# Rouge Beers At Platinum Cellars



## mikem108 (1/12/08)

Popped into Platinum Cellars in Belevue Hill on saturday to find myself overwhelmed by the selection of Rouge beers, they had 

Brutal Bitter
Chipotle Ale
Dead Guy Ale
Choc Stout
Dry Hopped St Rouge
Mom Hefeweizen
JUniper Pale Ale
Morimoto Ipmerial Pils
Morimoto Soba Ale
Moromoto Black Obi
Irish Lager

Maybe something else but thats all I can remember, mostly $14.95 per pint bottle, going to work my way through the selection slowly.
I found the St Rouge to be very similar to a home brew I once made.

Quite a bit of Samuel Smiths in there also


----------



## Fourstar (1/12/08)

In addition to this,

Purvis Wine Cellars in Balwyn, VIC have them aswell! They also had a Tasting for members on the 26th of Nov.... I should have went <_<


----------



## kabooby (1/12/08)

Nice find Mike. It's about time we got them in Australia. I had the Mocha Porter at Linz's place a few years ago and have been trying to find them here since.

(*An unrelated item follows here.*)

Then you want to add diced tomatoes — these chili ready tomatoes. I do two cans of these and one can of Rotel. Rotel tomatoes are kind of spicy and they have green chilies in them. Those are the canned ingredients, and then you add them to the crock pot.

I will have to pop in and grab a few

Just listened on Saturday to a BN podcast from 07 with John Maier as the guest. He gives a fair bit of info on some of their beers.

Kabooby


----------



## jimmybee (1/12/08)

Fourstar said:


> In addition to this,
> 
> Purvis Wine Cellars in Balwyn, VIC have them aswell! They also had a Tasting for members on the 26th of Nov.... I should have went <_<




yes - you should have gone... it was bloody great!

they had ten styles to try - the imperial ipa really stood out for me, a very serious beer. plus the double dead guy ale was good...

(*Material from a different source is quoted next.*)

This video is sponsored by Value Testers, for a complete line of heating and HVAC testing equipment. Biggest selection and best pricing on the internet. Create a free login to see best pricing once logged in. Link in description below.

all were good thou... haha

jimmy


----------



## Fourstar (1/12/08)

dang! SWMBO's parents live around the corner, i should have went for a few tastings then dropped into their place for dinner!

Always next time!


----------



## Ross (1/12/08)

A good friend of mine is the importer & Australian distributor for Rogue Beers.

He is also looking to represent some very good breweries from around the globe.
Not wanting to make you jealous (well maybe a little  ), on my last visit the following beers were all on the menu.

Meantime Brewing - 9 beers
Eisenbahn - 10 beers & the most divine Beer Liqour
Brasserie de Brunehart - 8 beers (beautiful Belgian brews)
Rouge - 22 beers 
Nogne-O - 13 beers (From Norway, these were ALL outstanding)
Mikkeller - 11 beers (From Denmark, these boys are making some very interesting beers)
Flying Dog - 14 beers

Some absolute cracking beers from the above, should be available soon from your specialist retailer :beer: 

Cheers & beers...Ross


----------



## sinkas (1/12/08)

Here in WA, the prices are ridiculous, I think the XS are nearly $50 a bottle
the stadards are 23...


----------



## neonmeate (1/12/08)

woohoo mikkeller and nogne o are amazing




Ross said:


> A good friend of mine is the importer & Australian distributor for Rogue Beers.
> 
> He is also looking to represent some very good breweries from around the globe.
> Not wanting to make you jealous (well maybe a little  ), on my last visit the following beers were all on the menu.
> ...


----------



## neonmeate (1/12/08)

mikem108 said:


> Popped into Platinum Cellars in Belevue Hill on saturday to find myself overwhelmed by the selection of Rouge beers



any interesting belgian beers, hanssens, cantillon, oud beersel, etc?


----------



## randyrob (1/12/08)

sinkas said:


> Here in WA, the prices are ridiculous, I think the XS are nearly $50 a bottle
> the stadards are 23...



hmm... they must have saw you coming case, my local sells the standards for $14 didn't check the price of the xs.


----------



## BrenosBrews (1/12/08)

neonmeate said:


> any interesting belgian beers, hanssens, cantillon, oud beersel, etc?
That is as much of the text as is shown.